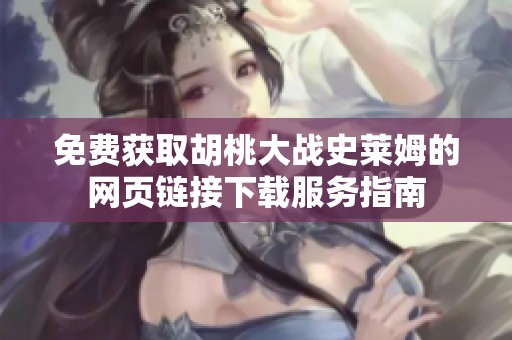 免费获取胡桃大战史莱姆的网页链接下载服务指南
---
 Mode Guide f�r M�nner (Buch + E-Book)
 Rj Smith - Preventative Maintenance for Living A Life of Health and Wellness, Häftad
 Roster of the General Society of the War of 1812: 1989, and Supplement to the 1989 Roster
* * *
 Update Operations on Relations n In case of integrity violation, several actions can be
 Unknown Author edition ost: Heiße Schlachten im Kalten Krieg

**What is being asked:** Retype only the stretch of lines above starting at the one with "Rj Smith - Preventative" and stopping at the one with "Roster of the", exactly as written, with both kept.

**Task answer:**
 Rj Smith - Preventative Maintenance for Living A Life of Health and Wellness, Häftad
 Roster of the General Society of the War of 1812: 1989, and Supplement to the 1989 Roster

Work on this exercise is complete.